TERASBATAM.id – Wakil Komandan Pangkalan Utama Angkatan Laut (Wadanlantamal) IV Batam, Kolonel (P) Ketut Budiantara, S.E., M.Han., mengakui bahwa luasnya wilayah perairan Kepulauan Riau menjadi salah satu faktor penyebab lolosnya kapal penyelundup pasir timah, KM Doa Restu Ibu Jaya, yang tercatat telah tiga kali berhasil mengirimkan muatannya ke Malaysia. Keterbatasan alat utama sistem persenjataan (alutsista) TNI Angkatan Laut dinilai menjadi kendala dalam pengawasan wilayah perairan yang begitu luas.
“Alutsista TNI Angkatan Laut terbatas untuk mengawasi secara penuh, sehingga ada momen mereka bergerak tanpa terpantau,” ujar Kolonel Ketut saat menanggapi pertanyaan terkait aktivitas penyelundupan pasir timah oleh KM Doa Restu Ibu Jaya yang baru berhasil ditangkap oleh Badan Keamanan Laut (Bakamla) RI pada operasi keempatnya.

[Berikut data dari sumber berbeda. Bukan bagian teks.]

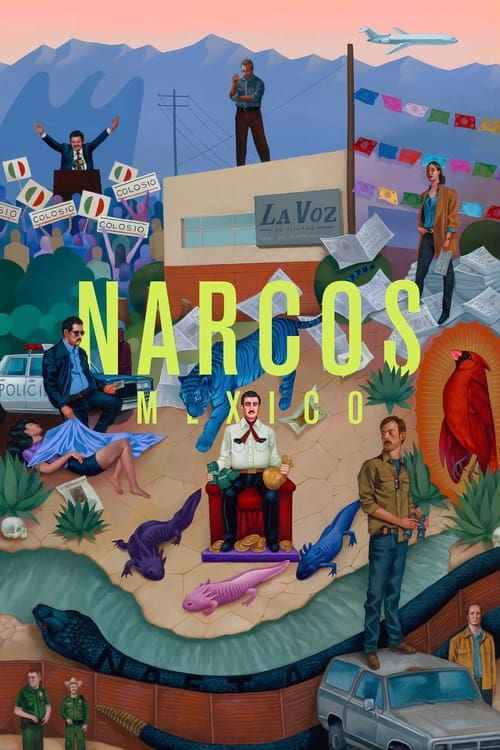 Narcos Mexico : 2.Sezon 9.Bölüm İzle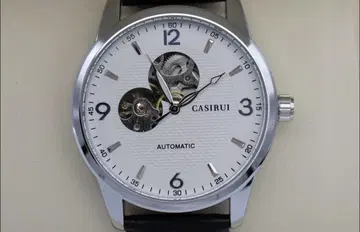CASIRUI 자동 와인딩 시계 화이트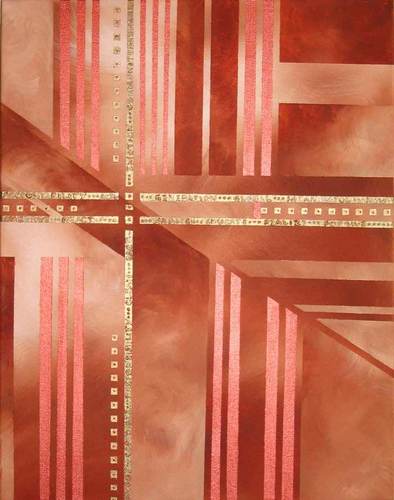 Untitled 4 (Metallic Illusions)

Sebelumnya, Komandan KN. Tanjung Datu-301 Bakamla, Kolonel Bakamla Rudi Endratmoko, S.E., M.M., M.Tr.Opsla, mengungkapkan bahwa berdasarkan pengakuan lima orang kru kapal yang diamankan, mereka telah tiga kali berhasil mengantarkan pasir timah ke wilayah Mersing, Johor Bahru, Malaysia. Setiap pengiriman, kapal tersebut mengangkut antara 20 hingga 25 ton pasir timah. Pada penangkapan keempat kalinya, kapal tersebut membawa muatan terbesar, yakni 30 ton.
“Menurut mereka, pengangkutan kali ini merupakan yang terbesar sepanjang operasi yang mereka lakukan,” kata Kolonel Rudi. Ia menambahkan, saat penangkapan di perairan Lingga, kapal tersebut terkesan sedang mogok. Namun, saat diinterogasi, kru kapal bersikap tidak kooperatif dan memberikan jawaban yang berbelit-belit. “Saya perintahkan untuk membuka palka kapal dan ditemukan pasir timah dalam kemasan karung,” tegasnya.
Badan Keamanan Laut (Bakamla) RI melalui KN. Tanjung Datu-301 berhasil mengamankan KM Doa Restu Ibu Jaya yang mengangkut 600 karung pasir timah dengan total berat 30 ton di perairan Lingga, Kepulauan Riau, pada Jumat (25/4/2025) sekitar pukul 10.00 WIB. Kepala Zona Barat Bakamla, Laksamana Pertama TNI Bambang Trijanto, menjelaskan bahwa penangkapan berawal dari kecurigaan personel patroli KN Tanjung Datu – 301 terhadap sebuah kapal yang melintas.
“Saat didekati dan dilakukan interogasi, jawaban kru kapal berbelit-belit, kemudian kita minta membuka palka kapal dan diketahui bahwa mereka mengangkut pasir timah tanpa dokumen,” ungkap Laksma Bambang , Senin (28/4/2025) di Batam.
Setelah dilakukan pemeriksaan awal oleh tim VBSS (Visit, Board, Search, and Seizure), terungkap bahwa kapal kayu tersebut diawaki oleh lima orang ABK dan tidak dilengkapi dokumen pelayaran maupun dokumen muatan yang sah. Pasir timah senilai sekitar Rp 15 miliar tersebut diduga berasal dari wilayah Dabo dan rencananya akan diselundupkan ke Mersing, Johor Bahru, Malaysia.
“Kapal kita bawa ke Batam untuk dilakukan pemeriksaan dan diserahkan kepada pihak Kepolisian Perairan Polda Kepri untuk penyelidikan lebih lanjut,” jelas Laksma Bambang. Pihak Bakamla saat ini masih mendalami identitas penerima pasir timah ilegal tersebut di Malaysia. “Secara umum diterima di Malaysia, siapa penerimanya kita belum tahu. Barang ini ditaksi senilai Rp 15 Miliar,” pungkasnya.